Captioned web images

+++++

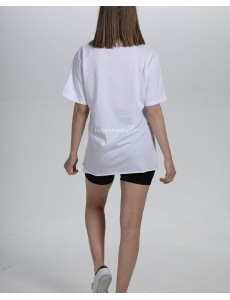 Kaliteli Baskılı Detaylı Viskon T-Shirt (Beyaz)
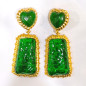 Boucles Bakélite Verte à Clips Laiton Plaqué Or Collection NIIKI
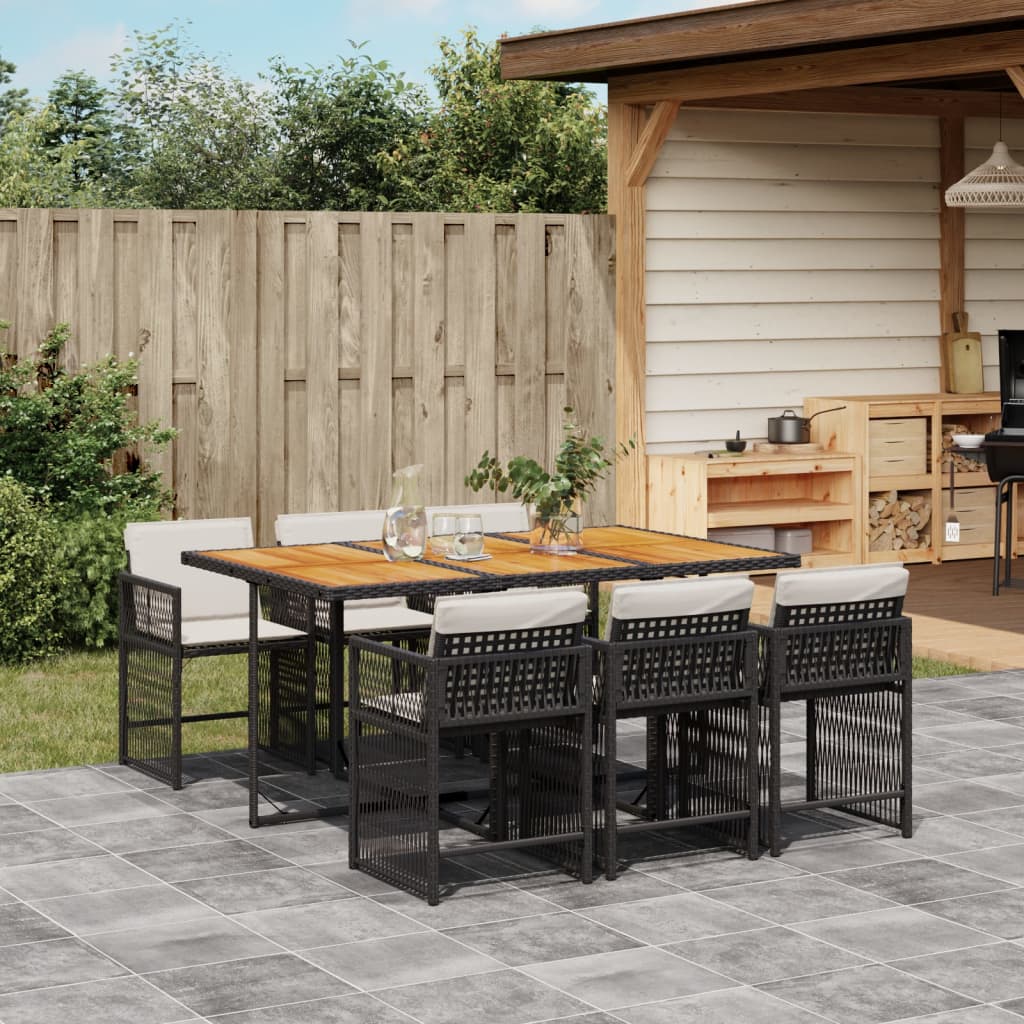 Outdoor Dining Set Black, Cream white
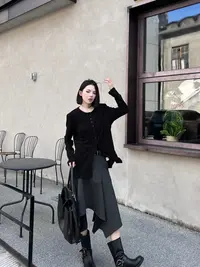 CZ【行走的衣架子】秋加厚中长款宽松型两穿上衣日常通勤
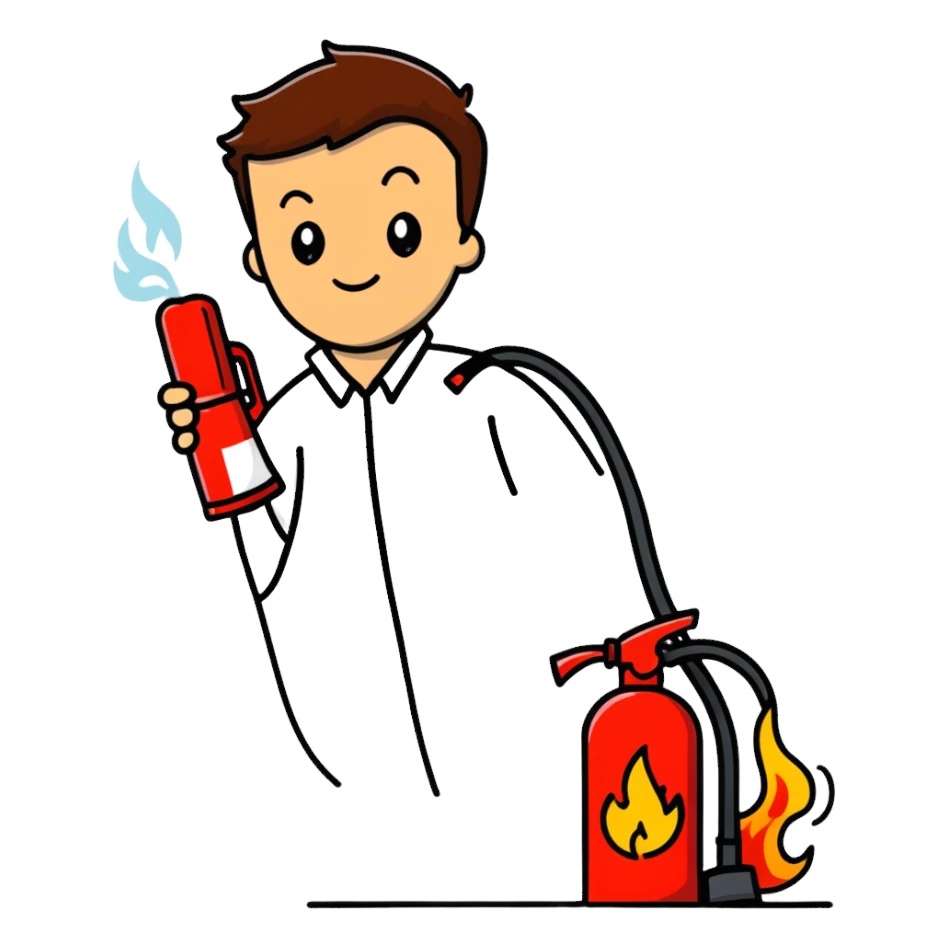 Guy with brown hair fire extinguishing a devil  sticker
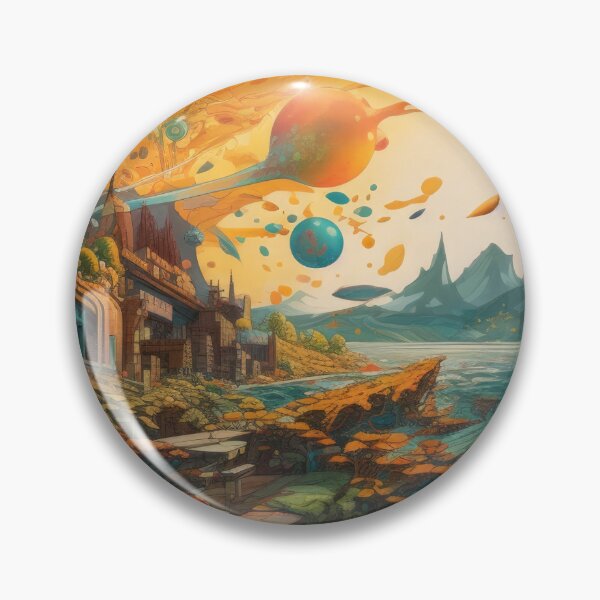 Item preview, Mountain City Born from Color Splashes designed and sold by ImaginationbyAI.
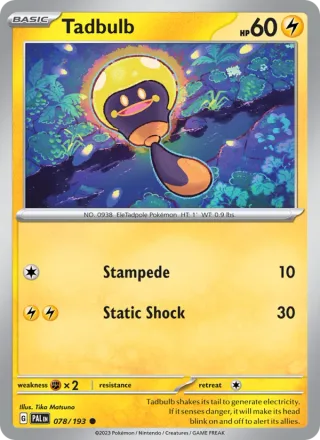 Tadbulb #078 · Paldea Evolved Pokémon card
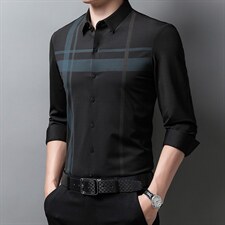 秋季2023新款中年男士长袖衬衫商务休闲爸爸装衬衣薄款时尚男装，男装衬衫，电商B212（原钱塘6029）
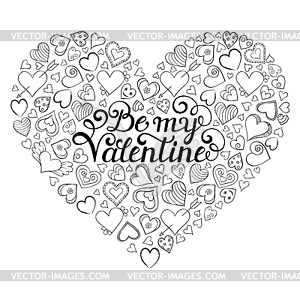 Valentines card with hearts - white & black vector clipart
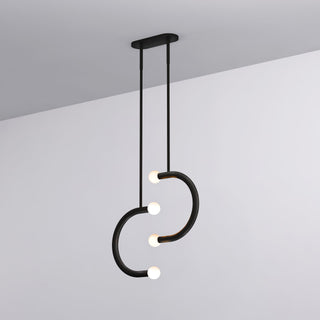 C Curved Black Metal & Opal Glass Pendant Light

+++++

__TASK OBJECTIVE__: In the data above, please extract the lines from the first one through the line with "Item preview, Mountain", exactly, and keep pictures out.

__SOLVED PROBLEM__:
 Kaliteli Baskılı Detaylı Viskon T-Shirt (Beyaz)
 Boucles Bakélite Verte à Clips Laiton Plaqué Or Collection NIIKI
 Outdoor Dining Set Black, Cream white
 CZ【行走的衣架子】秋加厚中长款宽松型两穿上衣日常通勤
 Guy with brown hair fire extinguishing a devil  sticker
 Item preview, Mountain City Born from Color Splashes designed and sold by ImaginationbyAI.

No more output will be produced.